- _Work instructions_: The expected output is the line holding "God Bless America" plus every line after it through the end of the listing, copied exactly.

- _Given entries_:
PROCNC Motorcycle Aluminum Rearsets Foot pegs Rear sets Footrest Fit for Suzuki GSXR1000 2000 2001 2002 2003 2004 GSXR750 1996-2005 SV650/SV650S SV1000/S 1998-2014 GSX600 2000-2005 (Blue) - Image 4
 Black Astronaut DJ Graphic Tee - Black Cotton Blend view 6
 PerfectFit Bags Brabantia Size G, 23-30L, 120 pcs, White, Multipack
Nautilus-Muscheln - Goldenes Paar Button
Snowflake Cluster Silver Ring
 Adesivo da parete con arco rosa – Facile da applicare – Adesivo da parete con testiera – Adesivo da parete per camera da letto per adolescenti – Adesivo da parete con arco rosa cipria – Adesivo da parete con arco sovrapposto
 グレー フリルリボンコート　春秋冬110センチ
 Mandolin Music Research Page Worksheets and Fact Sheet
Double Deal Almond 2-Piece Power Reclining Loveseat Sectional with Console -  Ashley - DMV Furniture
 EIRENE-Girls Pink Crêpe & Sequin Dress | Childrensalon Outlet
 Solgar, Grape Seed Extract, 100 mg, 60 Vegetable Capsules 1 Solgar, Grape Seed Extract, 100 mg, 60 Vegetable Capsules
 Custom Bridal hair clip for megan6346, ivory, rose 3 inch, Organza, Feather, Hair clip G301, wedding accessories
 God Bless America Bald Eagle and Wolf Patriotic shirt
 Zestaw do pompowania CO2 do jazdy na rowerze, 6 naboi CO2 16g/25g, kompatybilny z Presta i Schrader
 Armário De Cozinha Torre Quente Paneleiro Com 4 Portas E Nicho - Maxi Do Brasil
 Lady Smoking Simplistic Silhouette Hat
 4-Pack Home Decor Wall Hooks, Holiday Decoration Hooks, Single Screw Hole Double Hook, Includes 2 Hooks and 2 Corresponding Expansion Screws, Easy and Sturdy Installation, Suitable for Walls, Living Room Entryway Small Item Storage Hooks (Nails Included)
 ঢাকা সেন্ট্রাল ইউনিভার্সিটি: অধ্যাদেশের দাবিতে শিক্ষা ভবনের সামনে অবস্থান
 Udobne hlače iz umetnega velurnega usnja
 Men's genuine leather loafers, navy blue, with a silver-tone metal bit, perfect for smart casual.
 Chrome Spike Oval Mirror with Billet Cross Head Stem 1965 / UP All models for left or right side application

- _Output_:
 God Bless America Bald Eagle and Wolf Patriotic shirt
 Zestaw do pompowania CO2 do jazdy na rowerze, 6 naboi CO2 16g/25g, kompatybilny z Presta i Schrader
 Armário De Cozinha Torre Quente Paneleiro Com 4 Portas E Nicho - Maxi Do Brasil
 Lady Smoking Simplistic Silhouette Hat
 4-Pack Home Decor Wall Hooks, Holiday Decoration Hooks, Single Screw Hole Double Hook, Includes 2 Hooks and 2 Corresponding Expansion Screws, Easy and Sturdy Installation, Suitable for Walls, Living Room Entryway Small Item Storage Hooks (Nails Included)
 ঢাকা সেন্ট্রাল ইউনিভার্সিটি: অধ্যাদেশের দাবিতে শিক্ষা ভবনের সামনে অবস্থান
 Udobne hlače iz umetnega velurnega usnja
 Men's genuine leather loafers, navy blue, with a silver-tone metal bit, perfect for smart casual.
 Chrome Spike Oval Mirror with Billet Cross Head Stem 1965 / UP All models for left or right side application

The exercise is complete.